▶ [Data to process]
■ ■ ■
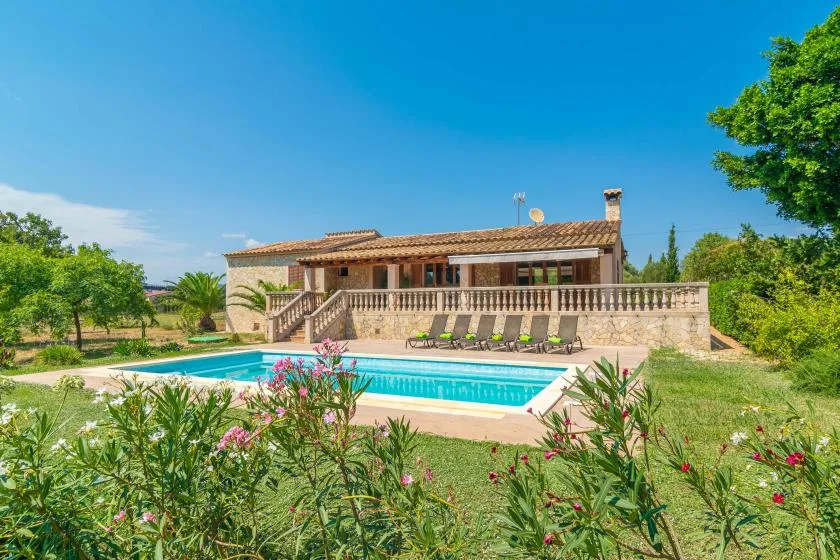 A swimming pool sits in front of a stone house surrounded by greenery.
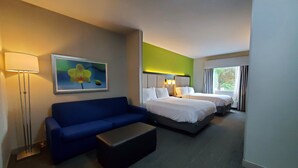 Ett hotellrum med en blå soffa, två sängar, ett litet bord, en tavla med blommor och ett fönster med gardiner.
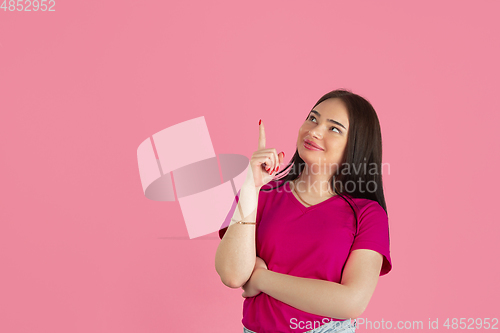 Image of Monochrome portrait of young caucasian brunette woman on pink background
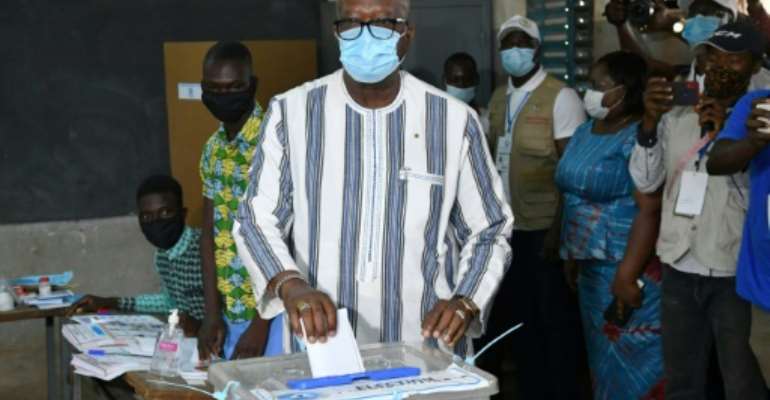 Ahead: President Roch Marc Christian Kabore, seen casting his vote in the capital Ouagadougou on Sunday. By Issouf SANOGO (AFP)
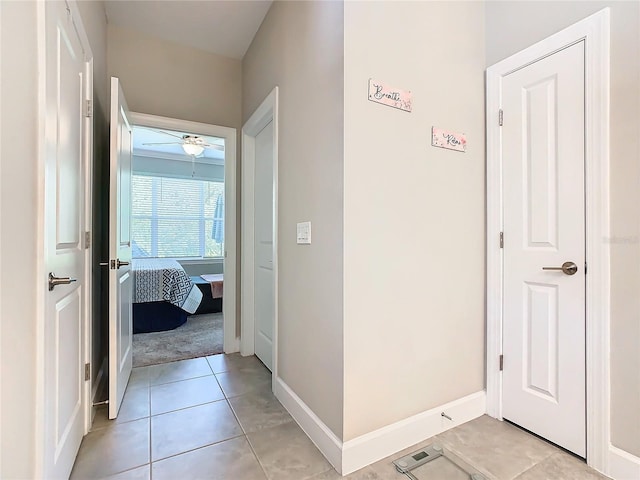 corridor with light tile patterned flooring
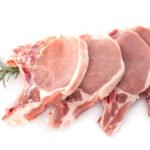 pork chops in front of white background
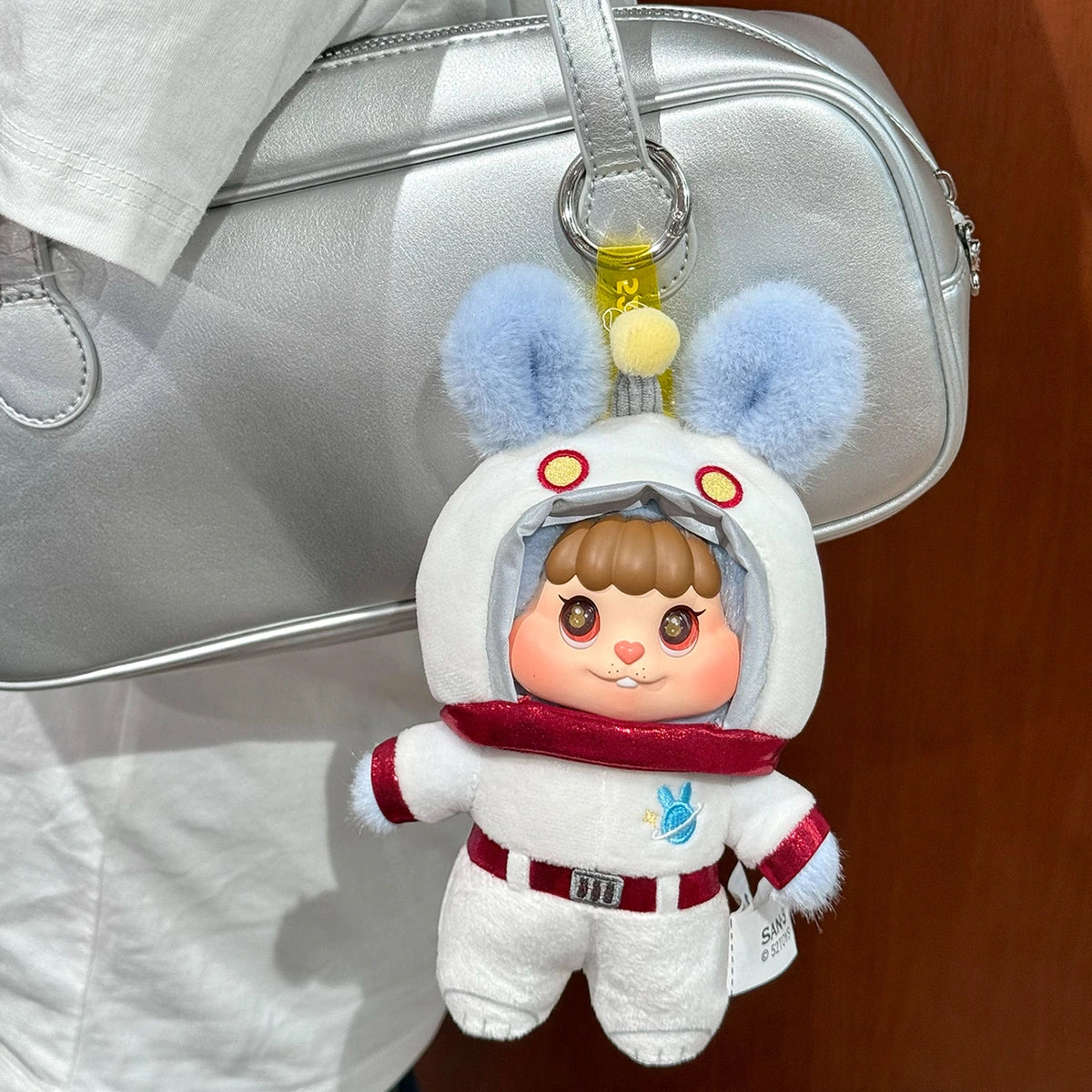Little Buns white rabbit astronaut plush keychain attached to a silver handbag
■ ■ ■
▶ [Task goal] Please repeat exactly the lines from the one containing "Image of Monochrome" through the last line of the records, both included, and leave out the pictures.

▶ [Task result]
 Image of Monochrome portrait of young caucasian brunette woman on pink background
 Ahead: President Roch Marc Christian Kabore, seen casting his vote in the capital Ouagadougou on Sunday. By Issouf SANOGO (AFP)
 corridor with light tile patterned flooring
 pork chops in front of white background
Little Buns white rabbit astronaut plush keychain attached to a silver handbag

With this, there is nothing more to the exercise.